突变蛋白F508del-囊性纤维化跨膜传导调节因子(CFTR)由于滞留在内质网而无法正常转运,并作为具有异常门控和内吞作用的氯离子(Cl(-))通道发挥作用。小分子化合物(称为校正剂)可单独恢复F508del-CFTR的转运和Cl(-)转运功能,但最近的研究结果表明,应考虑采用协同药理学来更明确地解决CFTR缺陷问题。我们使用五种校正剂[米格鲁司他、IsoLAB(1,4-二脱氧-2-羟甲基-1,4-亚氨基-l-苏糖醇)、Corr4a(N-[2-(5-氯-2-甲氧基-苯氨基)-4'-甲基-[4,5']联噻唑-2'-基]-苯甲酰胺)、VX-809 [3-(6-(1-(2,2-二氟苯并[d][1,3]二氧杂环戊烯-5-基)环丙烷甲酰胺基)-3-甲基吡啶-2-基)苯甲酸]和辛二酰苯胺异羟肟酸(SAHA)]的组合,研究了在HeLa细胞中表达的F508del-CFTR的功能和成熟情况。使用全细胞膜片钳技术,在以下组合存在时,对CFTR激活剂(福斯可林 + 染料木黄酮)响应记录的电流密度显著增加:VX-809 + IsoLAB;VX-809 + 米格鲁司他 + SAHA;VX-809 + 米格鲁司他 + IsoLAB;VX-809 + IsoLAB + SAHA;VX-809 + 米格鲁司他 + IsoLAB + SAHA。这些组合恢复了F508del-CFTR的活性,但对F508del-CFTR蛋白成熟c带的出现有不同影响。聚焦于VX-809 + IsoLAB混合物,我们记录到37°C时的校正水平高于室温,但CFTR的热不稳定性没有改善。
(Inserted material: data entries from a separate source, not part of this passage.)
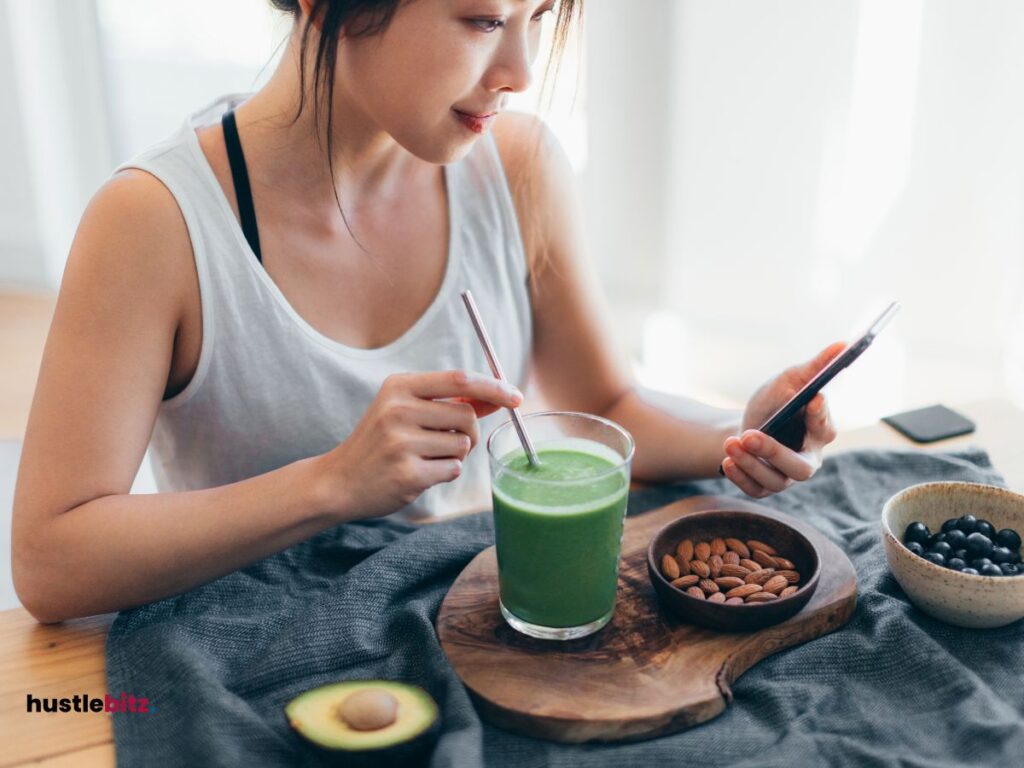 A woman holding a straw with a glass of coffee while holding a cellhpone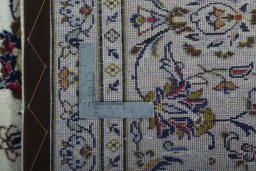 Backside of handmade 2000s Kashan rug showing knot structure and weave density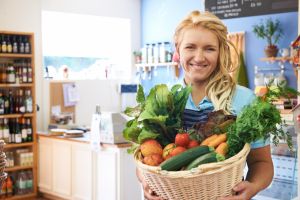 farm shop worker holding basket of produce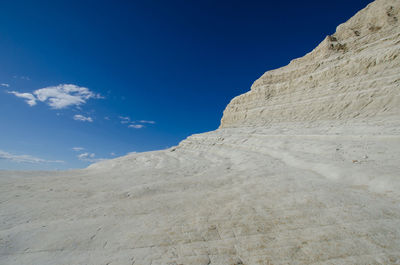 Low angle view of desert against blue sky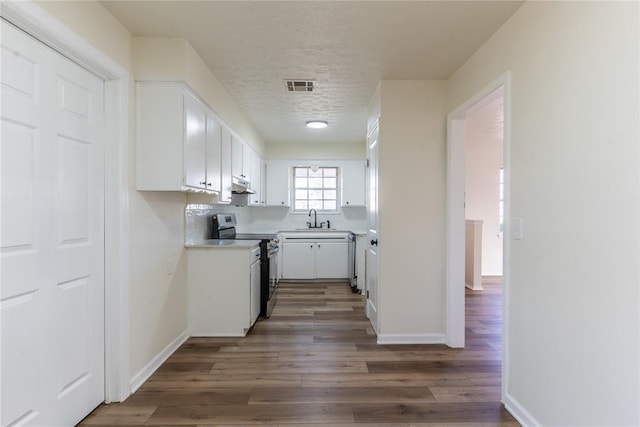 kitchen with sink, dark hardwood / wood-style floors, stainless steel range with electric cooktop, decorative backsplash, and white cabinets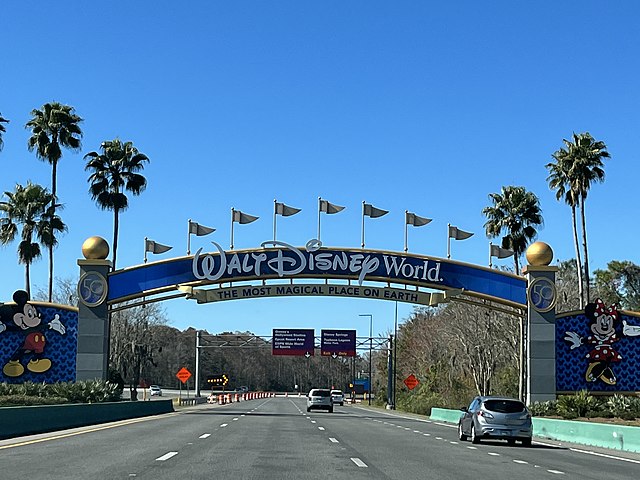 An entrance arch to Walt Disney World Resort / Wikipedia / Benoit Prieur 
Link: https://en.wikipedia.org/wiki/Walt_Disney_World#/media/File:Portail_Disneyworld_%C3%A0_l'arriv%C3%A9e_%C3%A0_Orlando_au-dessus_de_la_voie_rapide_(janvier_2022).JPG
孵育4小时后,VX-809 + IsoLAB的功能挽救水平最高,与每种化合物在最佳使用条件下获得的水平相似(即VX-809为24小时 + IsoLAB为4小时)。最后,我们比较了福斯可林或福斯可林 + VX-770 [N-(2,4-二叔丁基-5-羟基苯基)-4-氧代-1,4-二氢喹啉-3-甲酰胺]对F508del-CFTR的刺激与经VX-809 + IsoLAB校正的细胞。我们的结果为开发协同多药理学以挽救F508del-CFTR开辟了新的前景,并表明温度对校正剂效果和校正水平的重要性,表明校正剂的优化组合可能导致更好地挽救F508del-CFTR功能。